An independent programme
The European Youth Forum acknowledges the significant budget increase for future programmes, the focus on three key areas as well as the aim to be inclusive. The focus on formal education and vocational training however, put at risk the core values of youth work and the independence of youth policy, therefore the European Commission's proposal is unsatisfactory. The Youth Forum stands firmly behind its request of a renewed separate Youth in Action Programme.
“Youth in Action is the only EU programme that provides support to youth work, non-formal education and youth organisations in Europe,” affirms Peter Matjašič, President of the European Youth Forum. “As such, Youth in Action ensures and represents a visible EU youth policy initiative and the continuation of diversity, quality and the unique character of youth work in the long-term”.
Focus on participation of young people
In 2009, with the adoption of the Lisbon Treaty, the EU gave itself the objective and competence to encourage the participation of young people in the democratic life in Europe. The European Youth Forum is concerned that this increased competence is not reflected in the Commission's proposal and that it misses a strong link between the article 165§4 TFEU and the focus of the EU budget efforts in the field of youth, training and education. The Commission's proposal is focused on the needs of the labour market and the aspect of active European citizenship and participation is not adequately addressed.

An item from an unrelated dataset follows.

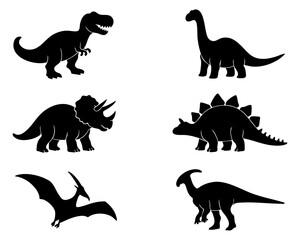 Dinosaur Silhouette Collection – Six Prehistoric Animals © imarpoona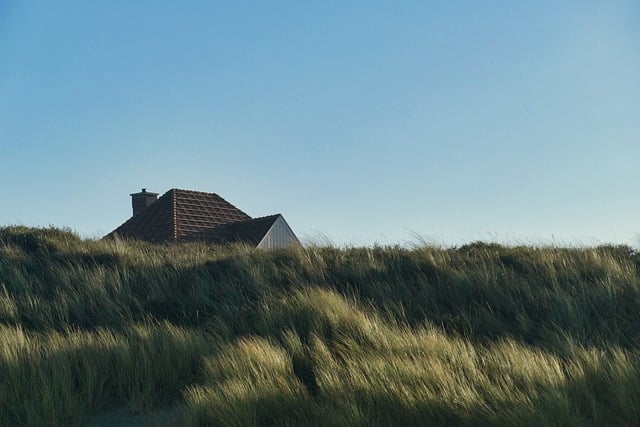 Free download sand dunes north sea house sand free picture to be edited with GIMP free online image editor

To achieve this, a strong new programme should encourage the participation of all young people in democratic life and recognise that youth-led, volunteer-based, democratic European youth organisations are an indispensable channel for supporting active citizenship and for developing young people's skills and competences, both for the needs of the labour market and for an active and inclusive European society, and as such need to be given specific support.
“Co-management with young people and the organisations that represent them must be introduced and implemented,” comments Matjašič. “As their inclusion would ensure a more youth-friendly management and administration of the programme and better reflection of young people’s needs.”
Cut? No - invest in cost efficient youth!
In times of financial austerity it is paramount to ensure that we invest in cost efficiency. The Youth in Action programme and its predecessors supported youth organisations to make a lasting change for young Europeans. The impact of Youth in Action on young people is bigger than in any other EU programme.
Currently, out of 100 euro paid in taxes by a European citizen, only 2.80 flow to the EU. Out of these 2.80 only 0.1% are used to provide funding to youth programmes. In average, the current ‘Youth in Action’ Programme just cost less than 28 cents per year to each European citizen. Investing in youth and in youth organisations is an extremely cost-efficient way to comprehensively reach the objectives of job creation and innovation, social inclusion and sustainable growth. For as little as 28 cents per year, 'Youth in Action' will have provided between 2007-2013 around 1,000,000 young Europeans with valuable Non-Formal Education experience and mobility possibilities that enhance their social, civic and political engagement as well as their sense of responsibility and improve their skills.
“Youth in Action must not lose focus on those elements that make youth and their organisations unique and specific,” concludes Matjašič. “Therefore, we demand it to be independent and to give sustainable support to European youth organisations, to non-formal education and to youth work,” concluded Matjašič.